### TASK DIRECTIONS
The lines from the one containing "DEUS EX MACHINA ボア襟付きジャケット" to the end of the entries, both included, are what you need to transcribe exactly, without pictures and without anything else.

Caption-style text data
▼
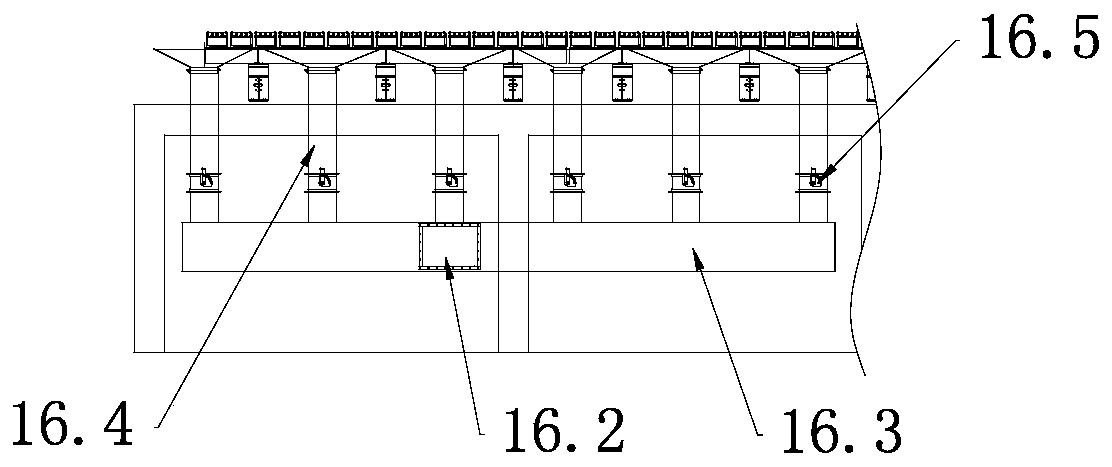 Bar full-flow control rolling and control cooling production line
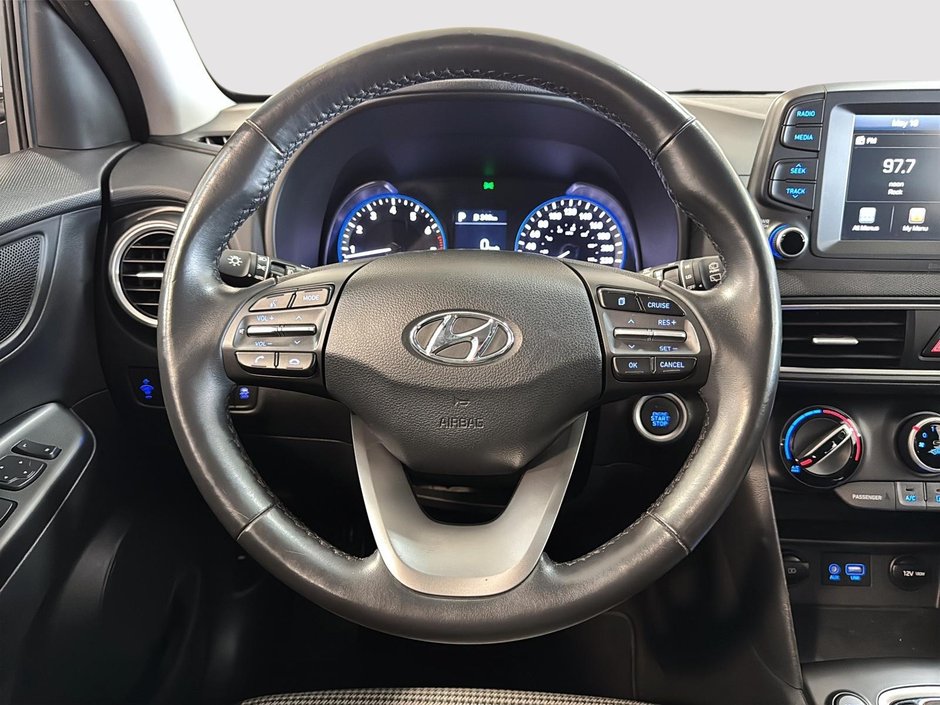 Hyundai Kona PREFERRED AWD CAMERA CARPLAY VOLANT CHAUFFANT MAGS 2020-28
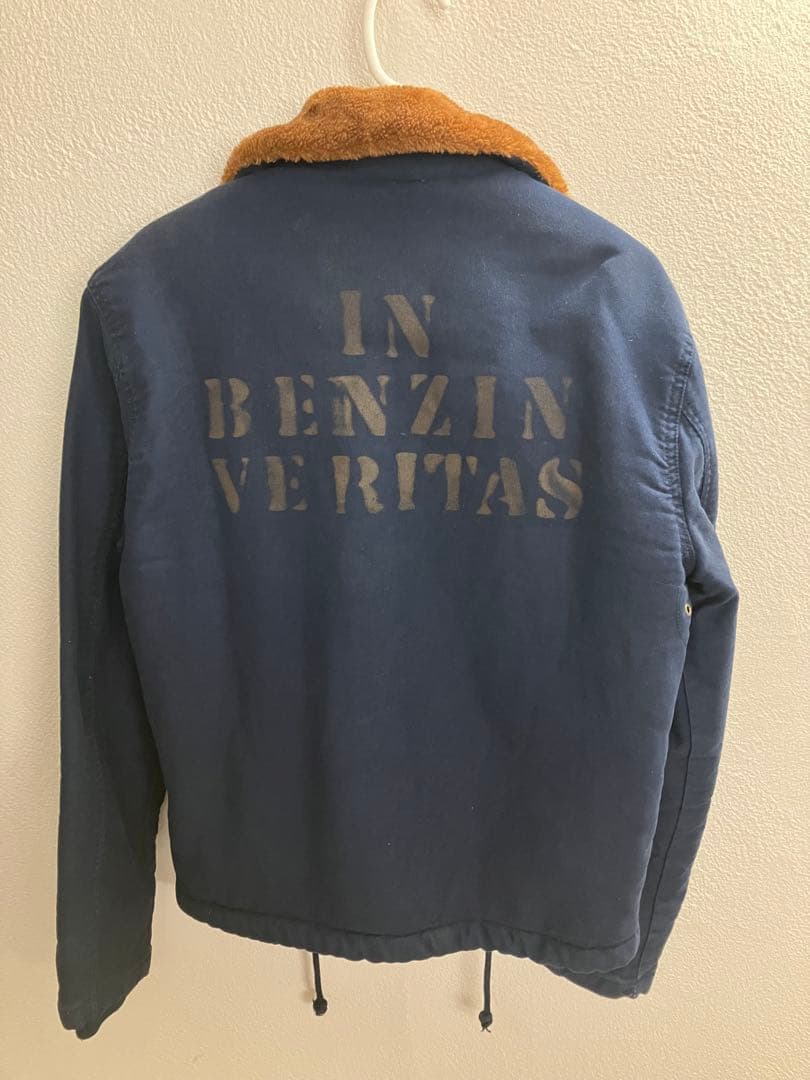 DEUS EX MACHINA ボア襟付きジャケット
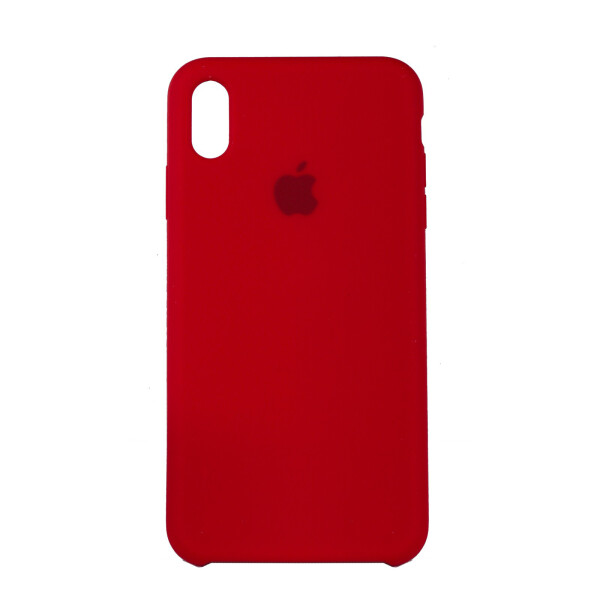 

Панель Silicone Case для iPhone XS MAX Copy Red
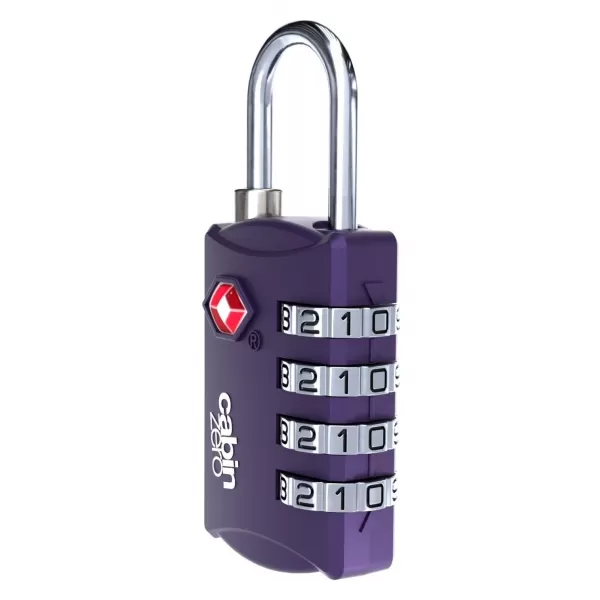  Zár CABINZERO TSA Travel Lock VIGASZTALÓ ÉGBOLT 
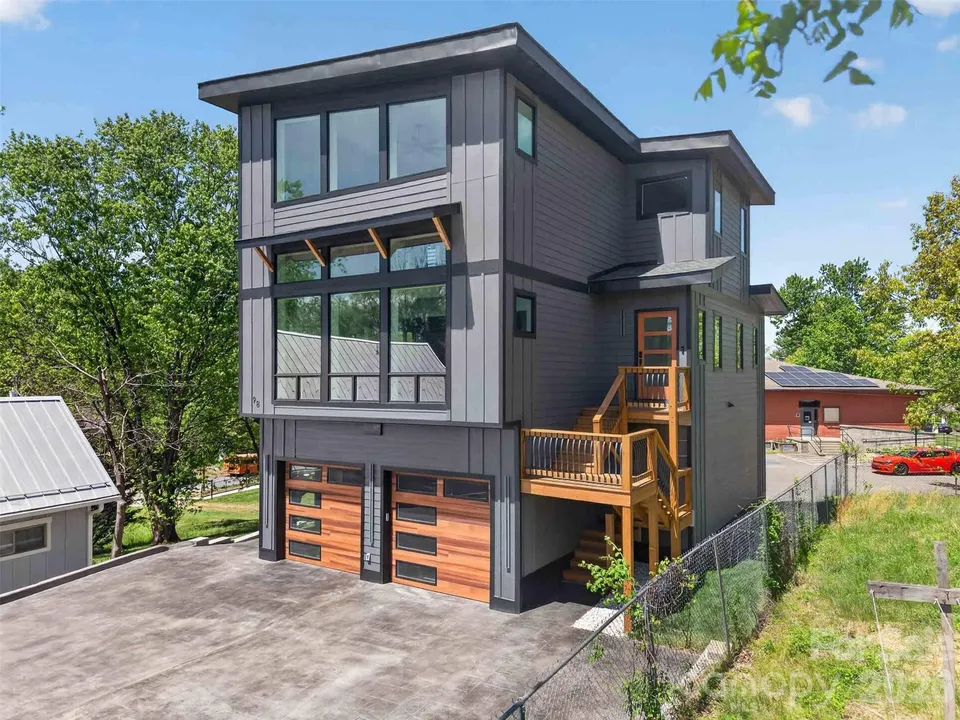 Property in Buncombe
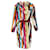 Accappatoio Missoni Stripe in Cotone Multicolor Multicolore  ref.882486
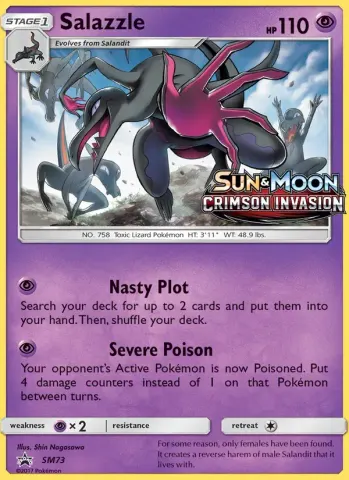 Salazzle · SM73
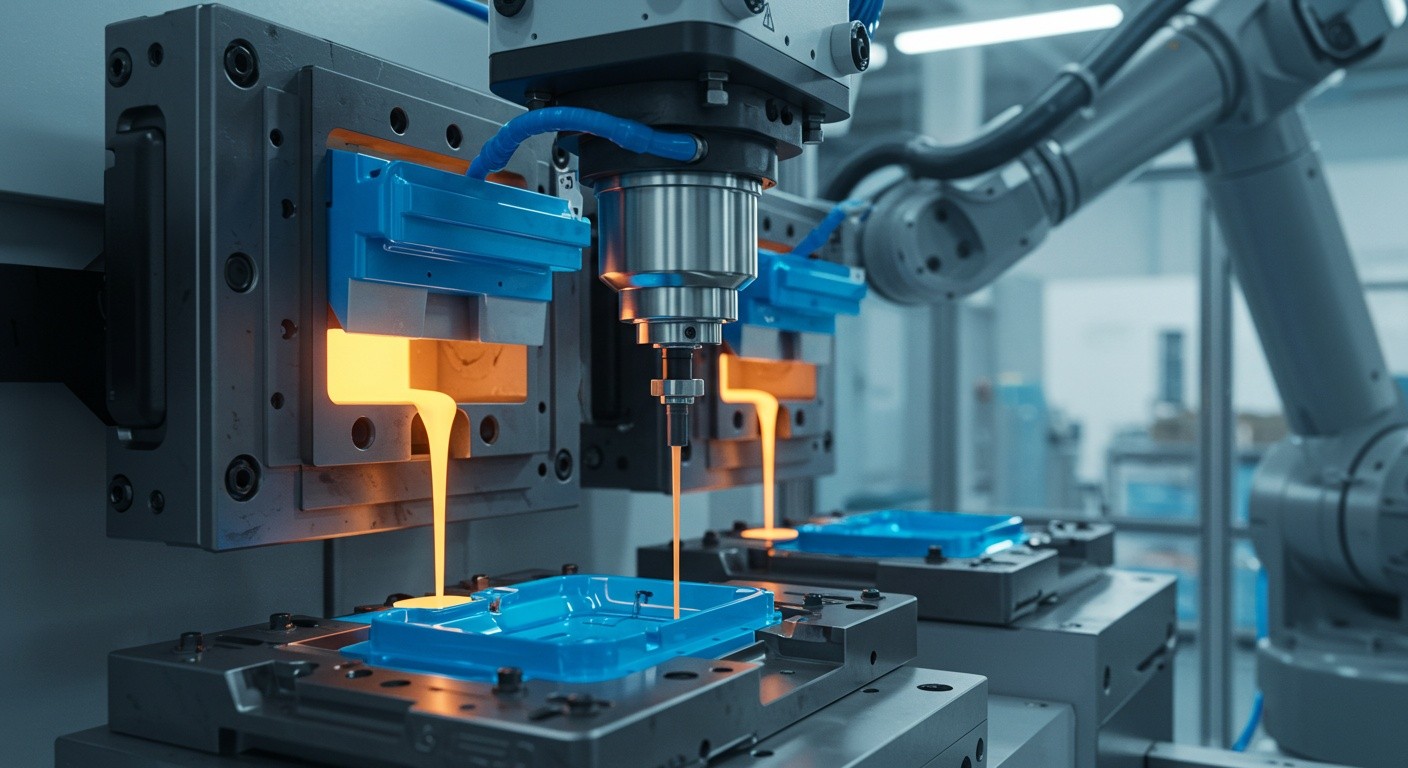 Литьё пластиковых корпусов для электроники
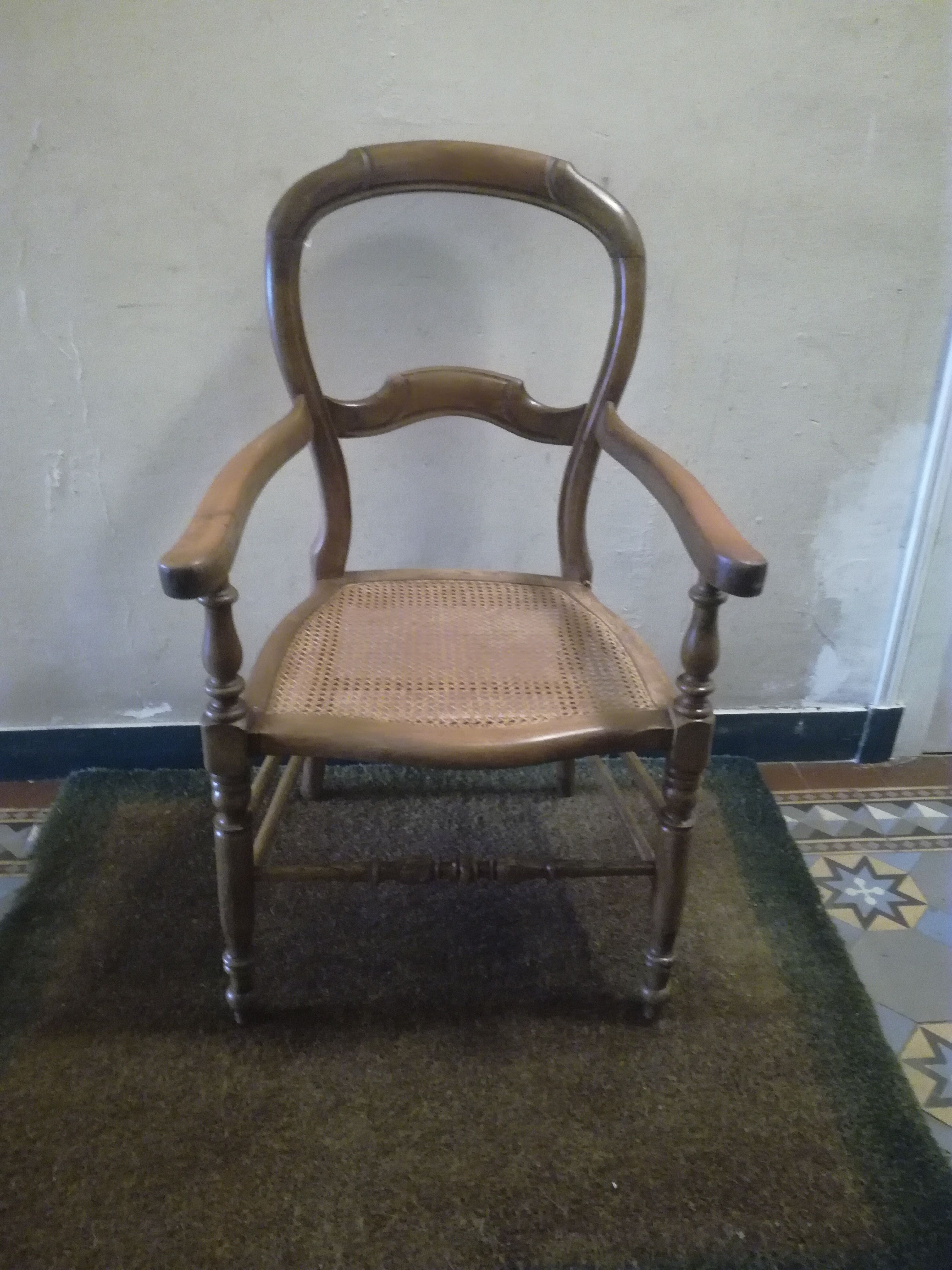 Louis Philippe armchair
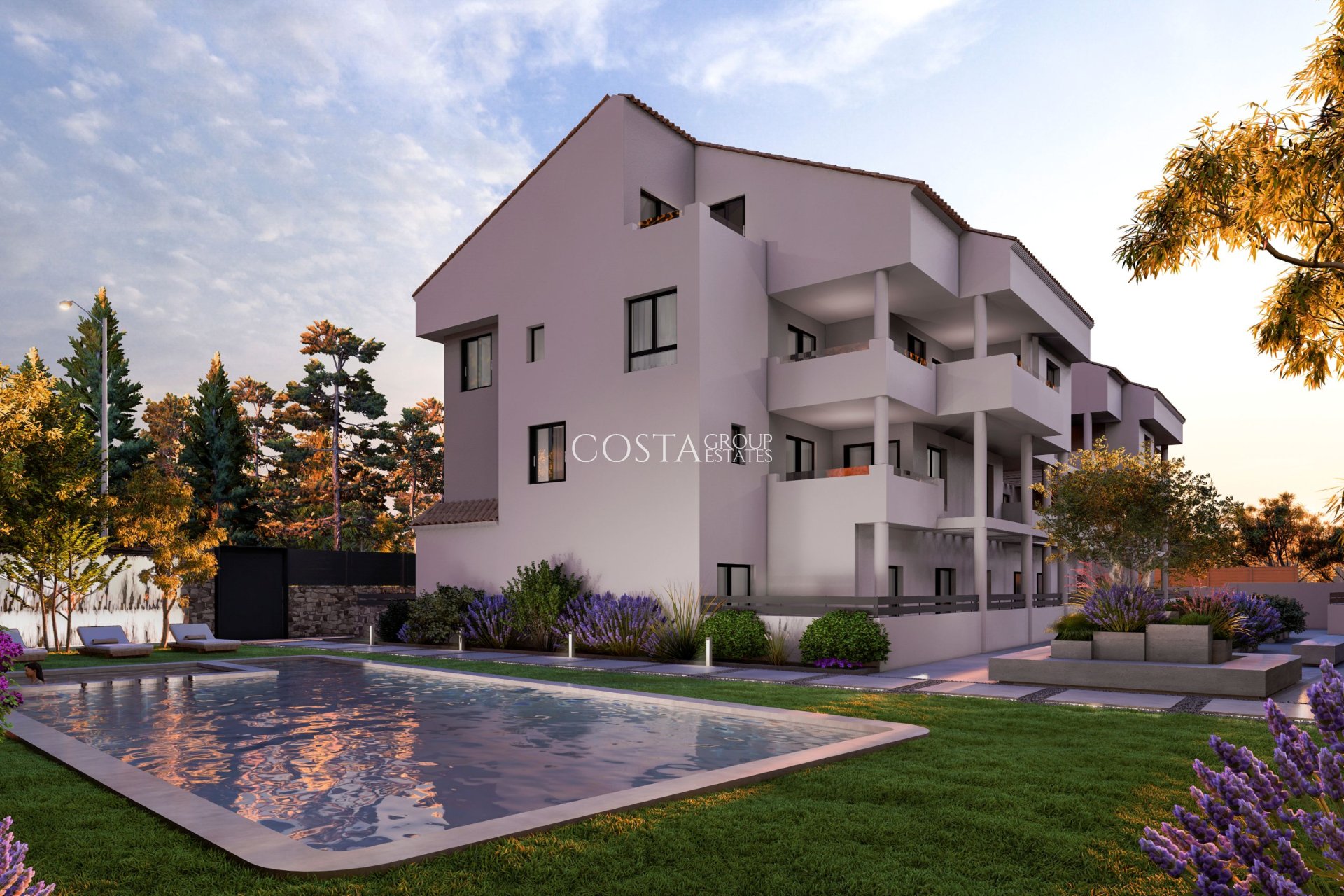 Nieuwbouw Woningen - Apartments -
Jávea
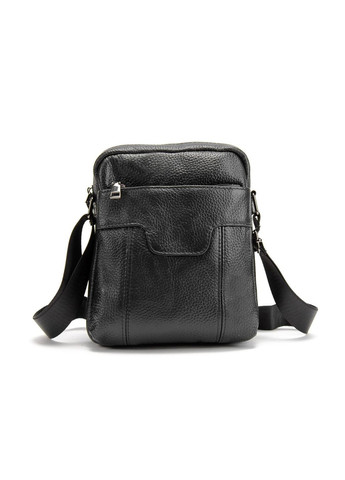 Мужской кожаный мессенджер черного цвета M56-2058A Tiding Bag (277977841)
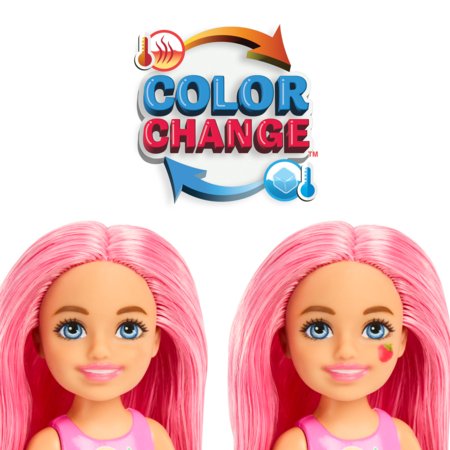 BARBIE Chelsea Pop Reveal mahlapakis üllatusnukud, HRK58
▲
### SOLUTION
 DEUS EX MACHINA ボア襟付きジャケット

Панель Silicone Case для iPhone XS MAX Copy Red
  Zár CABINZERO TSA Travel Lock VIGASZTALÓ ÉGBOLT 
 Property in Buncombe
 Accappatoio Missoni Stripe in Cotone Multicolor Multicolore  ref.882486
 Salazzle · SM73
 Литьё пластиковых корпусов для электроники
 Louis Philippe armchair
 Nieuwbouw Woningen - Apartments -
Jávea
 Мужской кожаный мессенджер черного цвета M56-2058A Tiding Bag (277977841)
 BARBIE Chelsea Pop Reveal mahlapakis üllatusnukud, HRK58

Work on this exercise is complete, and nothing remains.